Traders work on the floor at the New York Stock Exchange (NYSE) in New York, U.S., June 24, 2019. REUTERS/Brendan McDermid
All three major U.S. stock indexes were up, with the benchmark S&P 500 set to snap its four-day losing streak, inching within 1 percent of its all-time high, reached a week ago today.
News that the world’s two largest economies have agreed to a tentative truce in their ongoing trade war, according to the China Morning Post, initially fueled investor optimism.
But that optimism was tempered by a story in the Wall Street Journal that Chinese President Xi Jinping will present President Donald Trump with a set of conditions the United States must meet before Beijing will settle the trade dispute.
Expectations were muddied further when White House economic adviser Larry Kudlow said the United States may move ahead with further tariffs on Chinese goods after the two leaders meet this weekend at the Group of 20 summit in Japan. Trump and Xi are expected to discuss a way forward with respect to tariffs and other issues when they meet.
“There seem to be a lot of cross-currents in language depending on who’s talking,” said Chuck Carlson, chief executive at Horizon Investment Services in Hammond, Indiana. “The market seems to be discounting that positive is going to happen” at the G20 summit.

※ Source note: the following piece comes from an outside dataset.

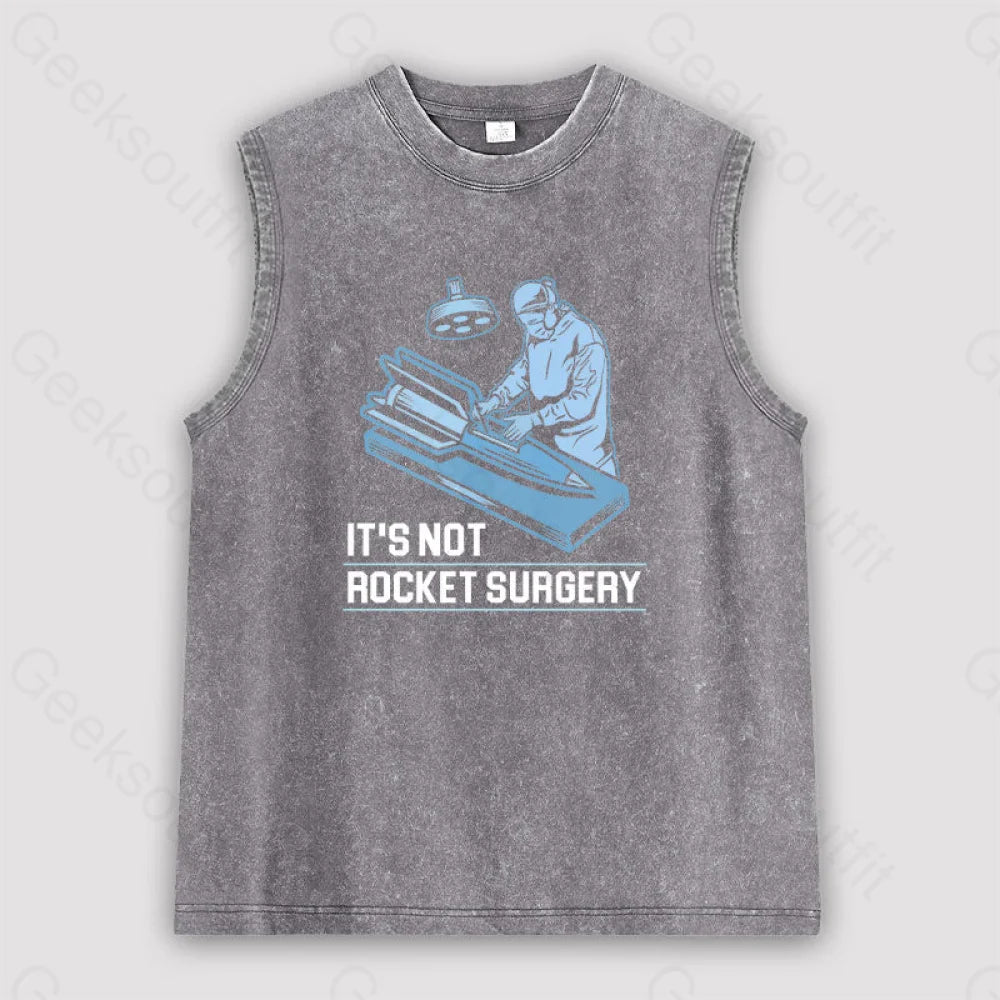 Rocket Surgery Unisex Washed Tank Grey / S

“The market has also been discounting that the Fed is going to cut (interest) rates,” Carlson added. “If the trade talks fall apart a part a rate cut is a fait accompli.”

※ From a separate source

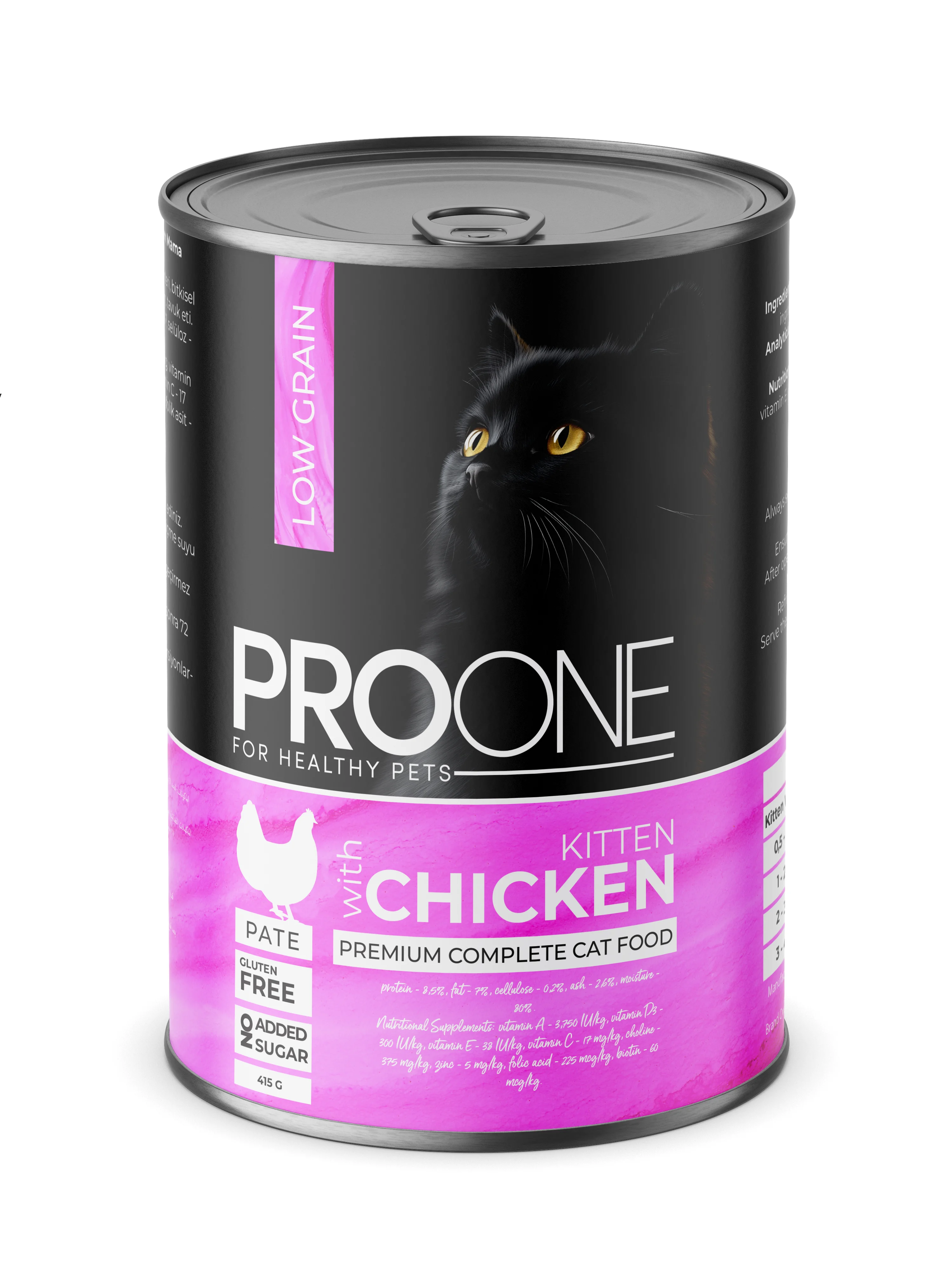 PROONE KITTEN CHICKEN KEDİ KONSERVESİ 415 GR*24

The Dow Jones Industrial Average rose 58.95 points, or 0.22%, to 26,595.77, the S&P 500 gained 15.2 points, or 0.52%, to 2,928.98 and the Nasdaq Composite added 60.48 points, or 0.76%, to 7,970.46.
Of the 11 major sectors in the S&P 500, all but energy stocks were higher.

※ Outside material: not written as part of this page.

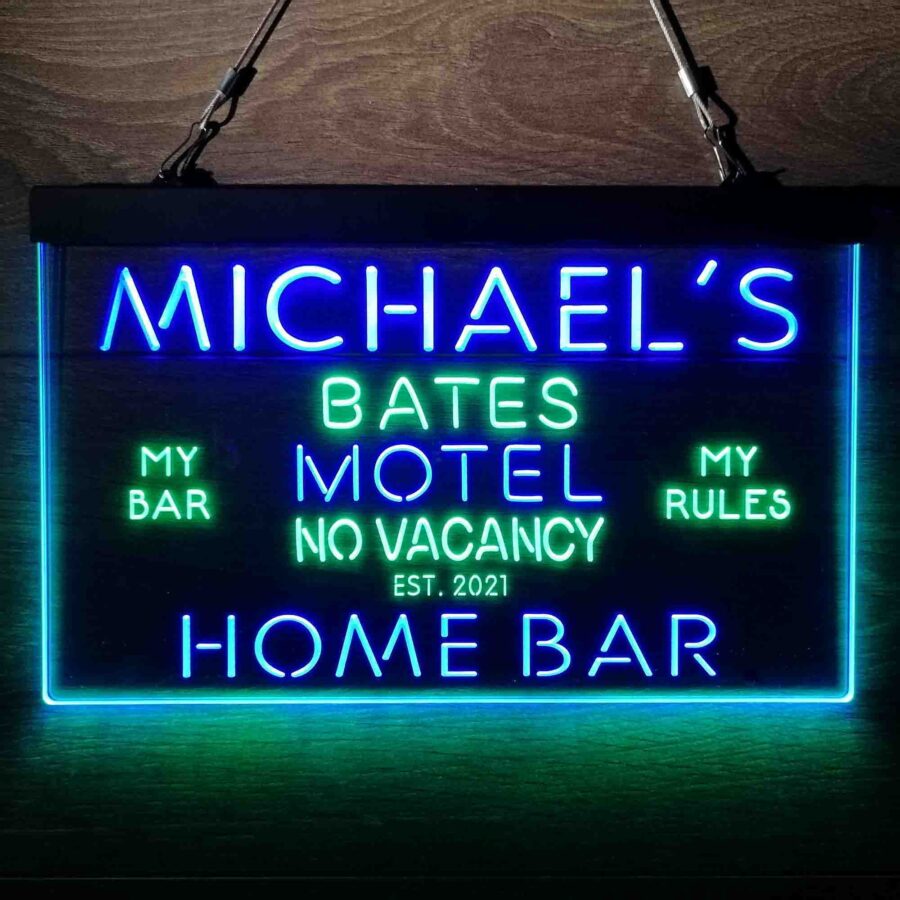 Personalized Bates Motel No Vacancy Neon Like Led Sign - Image 11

Chipmakers, whose revenue exposure to China makes them vulnerable to tariffs, were up. The Philadelphia Semiconductor index rose 1.4%.
“Chipmakers are a proxy for trade optimism,” Carlson said. “They have become the trade du jour for traders betting for or against a trade deal” between the United States and China.
Ford Motor Co advanced 3.1% after the automaker announced it would cut 12,000 jobs in its troubled Ford Europe segment.
Boeing Co was the heaviest drag on the Dow, dropping 1.9% following a Reuters report on Wednesday that the U.S. Federal Aviation Administration identified a new safety risk in the planemaker’s grounded 737 MAX aircraft.
Conagra Brands reported quarterly earnings that missed analyst estimates because of waning demand and manufacturing challenges. Its shares dropped 10.5%.
Higher drug prices and an increase in prescription volume helped Walgreens Boots Alliance Inc beat quarterly earnings expectations, sending its stock up 5.1%.
Advancing issues outnumbered declining ones on the NYSE by a 2.43-to-1 ratio; on Nasdaq, a 2.81-to-1 ratio favored advancers.
The S&P 500 posted six new 52-week highs and one new low; the Nasdaq Composite recorded 27 new highs and 46 new lows.